By ‘solution architecture material’, the alien who has written to me is, most probably, referring to what, in business-friendly language, we used to call the ‘product briefing’.  As such, it would generally contain  the ‘solution narrative’, or (as we used to know it), the ‘text’ of the ‘solution documentation set’, or ‘handbook’, as it’s sometimes referred to behind closed doors.

The context for this fearful assault on language and meaning is, I am sorry to say, financial services.

I spent three and a half years working for a direct marketing agency – ‘direct marketing’ being business-friendly language for ‘junk mail’. We specialised in pushing financial products – loans, mortgages, pensions, savings schemes, insurance, invoice discounting – call them what you will, onto ordinary consumers and small business elves. Our clients were some of the biggest ogres in the business.

We would regularly receive briefs from bewildered marketing fairies who had been tasked with creating evermore complex products to suck punters into a state of infantile dependence on the large financial institutions, banks basically, to which they would be indebted for the rest of their lives, or from which they would receive a pitiful rate of interest as a reward for long-term investments that almost certainly would go ‘down, as well as up’ – only rather less of the latter.

What characterised those briefs was often that the manager would have very little idea of what the ‘product’ was supposed to look like, or how it worked – how it translated into an actual ‘service’ that the victims in the target market could easily grasp and immediately see the benefit of – and would rely on us – me – to tell them. Behind them stood the Compliance Officer, a formidable eminence grise who would vet anything we wrote for compliance with the Financial Services Act – basically, a set of rules unenforceable in practice, warning us not to make promises on our clients’ behalf that they couldn’t keep.
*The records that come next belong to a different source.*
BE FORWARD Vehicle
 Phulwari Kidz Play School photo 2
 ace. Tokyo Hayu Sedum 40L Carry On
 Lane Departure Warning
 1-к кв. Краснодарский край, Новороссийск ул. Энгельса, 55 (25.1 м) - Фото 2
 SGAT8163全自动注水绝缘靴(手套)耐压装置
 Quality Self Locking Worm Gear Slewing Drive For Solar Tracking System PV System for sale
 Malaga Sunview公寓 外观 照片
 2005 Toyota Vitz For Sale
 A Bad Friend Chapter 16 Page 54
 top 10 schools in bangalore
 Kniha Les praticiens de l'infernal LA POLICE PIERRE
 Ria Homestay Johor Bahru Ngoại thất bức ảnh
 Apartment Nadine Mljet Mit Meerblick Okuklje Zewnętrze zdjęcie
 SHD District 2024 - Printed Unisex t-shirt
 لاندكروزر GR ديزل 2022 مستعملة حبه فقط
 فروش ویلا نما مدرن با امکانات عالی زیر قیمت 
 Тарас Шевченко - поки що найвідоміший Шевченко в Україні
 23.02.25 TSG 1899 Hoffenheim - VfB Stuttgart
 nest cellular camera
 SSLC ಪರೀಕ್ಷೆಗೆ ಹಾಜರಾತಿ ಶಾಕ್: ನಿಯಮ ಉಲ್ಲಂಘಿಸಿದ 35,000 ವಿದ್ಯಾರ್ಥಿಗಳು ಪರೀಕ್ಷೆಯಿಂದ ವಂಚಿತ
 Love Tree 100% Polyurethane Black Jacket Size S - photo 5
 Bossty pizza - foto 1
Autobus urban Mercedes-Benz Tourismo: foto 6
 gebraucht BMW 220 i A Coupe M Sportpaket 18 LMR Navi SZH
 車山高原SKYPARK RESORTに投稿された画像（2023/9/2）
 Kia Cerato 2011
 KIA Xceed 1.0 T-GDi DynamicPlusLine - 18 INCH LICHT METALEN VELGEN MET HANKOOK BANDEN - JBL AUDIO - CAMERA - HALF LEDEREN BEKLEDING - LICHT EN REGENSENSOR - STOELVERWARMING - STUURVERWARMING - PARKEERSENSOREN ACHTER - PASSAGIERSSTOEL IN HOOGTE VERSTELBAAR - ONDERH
Or, to couch it in Harvey Nash recruiterballs: ‘Understand what the programme will deliver from a business and benefits perspective and advise on areas where this in (sic) not aligned with the evolving solution….’

The compliance regime ultimately fell apart as the jobbers of the financial services industry rushed like Gadarene Swine over the cliff of massive overconfidence and money-lust. Globalisation of banks and the marketisation of financial ‘products’ – instruments, as they used to be known – sold like cans of beans, created a plethora of ‘solutions’ we deliberately labelled with come-on lines like ‘How to have the things you want – when you want them’.

This was marketingspeak for ‘unsecured debt’, otherwise ‘credit’, a cynical misdescription intended to leave people feeling in control of their lives even as they slide down what one of our financial clients used to call ‘the greasy chute’.

Now, I see, ‘debt’ has been relabelled once again, and is known as ‘solutions’.

The whole rickety, rackety structure came crashing down in 2008 with the run on the Northern Rock building society in the UK, the collapse of Lehman Brothers and the revelation that sub-prime mortgages in the USA were being ‘bundled’ and traded as debt swaps, or ‘derivatives’, with intermediaries claiming fat commissions with each successive trade. (Not an original concept: I have written elsewhere about the massive reinsurance scam within the Lloyds of London syndicates in the mid-80s, the outrageous confidence trick underwriters perpetrated in sucking-in hundreds of new Names with unlimited liability to shore up the £6bn black hole they had created.)

Despite the crash, all this shit and more is still going on. For a horrifyingly good read over the breakfast table, I recommend you all rush immediately to Wikipedia’s List of Bank Failures in the USA, 2008-14. (http://en.wikipedia.org/wiki/List_of_bank_failures_in_the_United_States_%282008%E2%80%93present%29). Read it and gasp.

If there is one piece of advice I would leave to future generations, it is this.

 ‘Establish solution limitations.’

Or, in business-friendly language, stay away from banks.